According to Risky.biz, Patrick Webster is one of the people who constantly contributes to finding flaws in the effort of making the internet a safer place. He is also part of OSI Security and a member of the First State Superannuation pension fund.
While viewing his online account he noticed that by simply changing the ID number from the browser's address bar, he could access the information of any customer.
After informing the organization of the error, he received a thank you note in which his efforts seemed to be appreciated. As it later turned out, the firm informed law enforcement officials of the good deed, which sort of looked at him as a potential hacker.
That's how he found himself questioned by local police who soon after the incident knocked on his door.

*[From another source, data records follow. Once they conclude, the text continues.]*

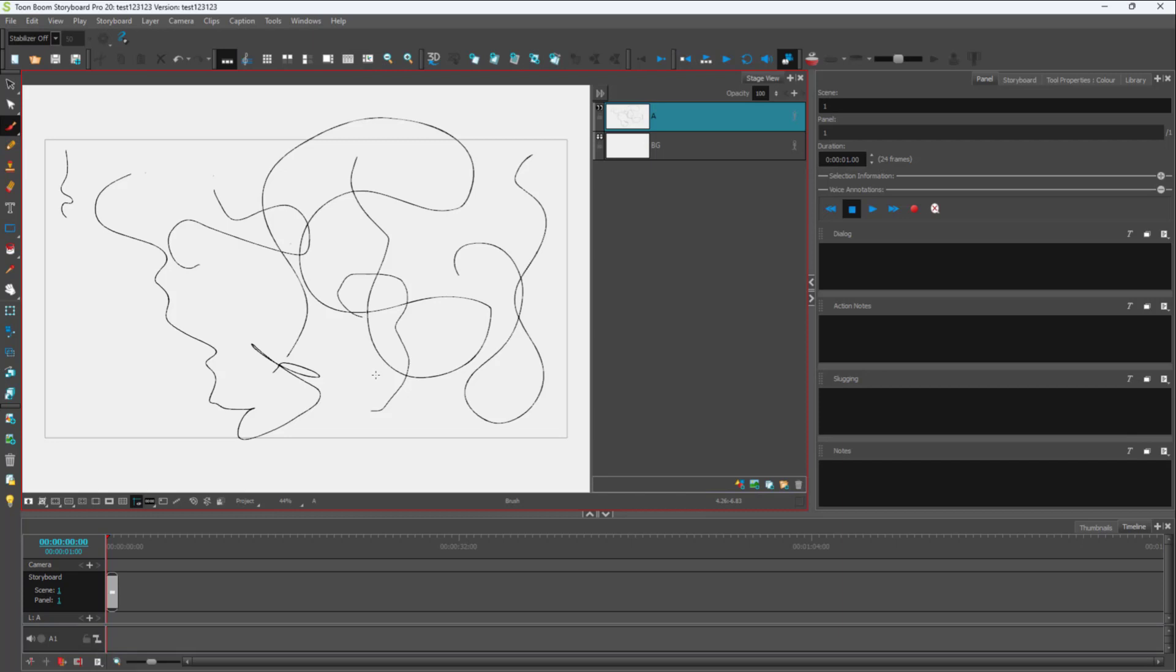So that is how you can use the pull string pen inside of Toon Boom Storyboard Pro. If you learned something, as always, please like, comment, share and subscribe.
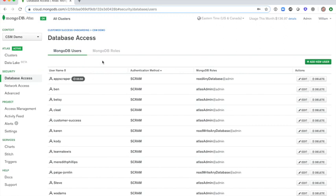For additional granularity, you can also click on the MongoDB roles tab in the top, which will allow you to create your own custom database access role if it's required.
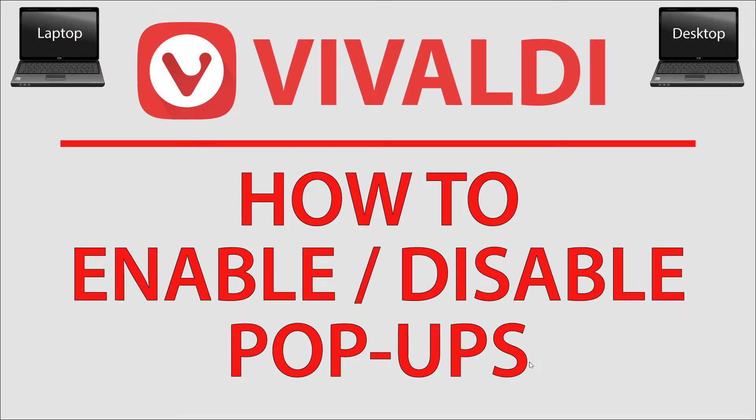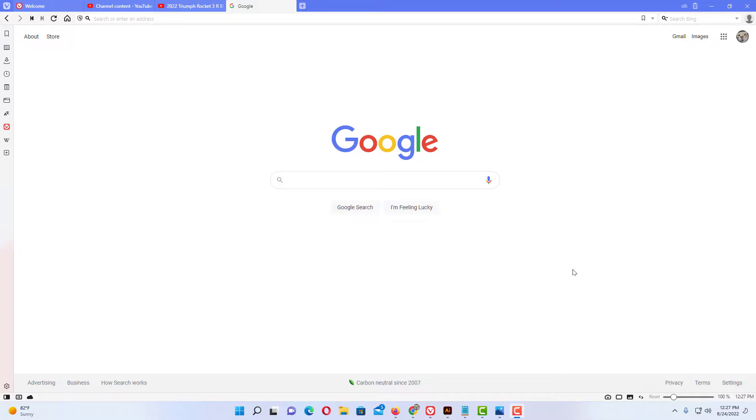This is going to be a video tutorial on how to enable or disable pop-ups in the Vivaldi web browser. I'll be using a desktop PC for this. Let me jump over to my browser here.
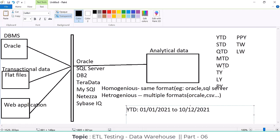From an interview point of view, they will ask: tell me what are the different time periods you have worked on in your experience? You have to say: YTD, STD — so in this case, what does STD mean here? Season to date.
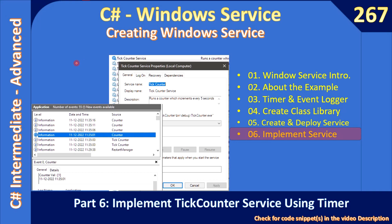Hello friends, welcome to the C# Intermediate to Advanced tutorial. In the previous video we created the Windows service and saw how to deploy and undeploy it. We already have this skeleton code. Now we will link our timer class library project with this Windows service so that it will make an entry into the Windows event logger periodically.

"They said it was about downloading files from First State Super. They said they didn't really understand it. They were the local Police,” Webster revealed.
“The annoying part is that I contacted First State straight up. I gave them my number, email... and full details in my email including LinkedIn and they called the cops," he added.
Soon after everything was cleared and the bug was fixed, but the incident can make you wonder about these things. It's bad enough that we have cybercriminals on our heads, no respected security researcher should deal with these embarrassing moments.
In a letter written to one of the customers whose account was accessed by Webster, the company at hand admitted the error.
“This incident was not the result of a targeted attempt to access your statement or account details. This member alerted us to the ability to view your statement and advised that your statement was only viewed when testing the security of his own online account. The member advised that he has not retained any details in your statement,” the letter read.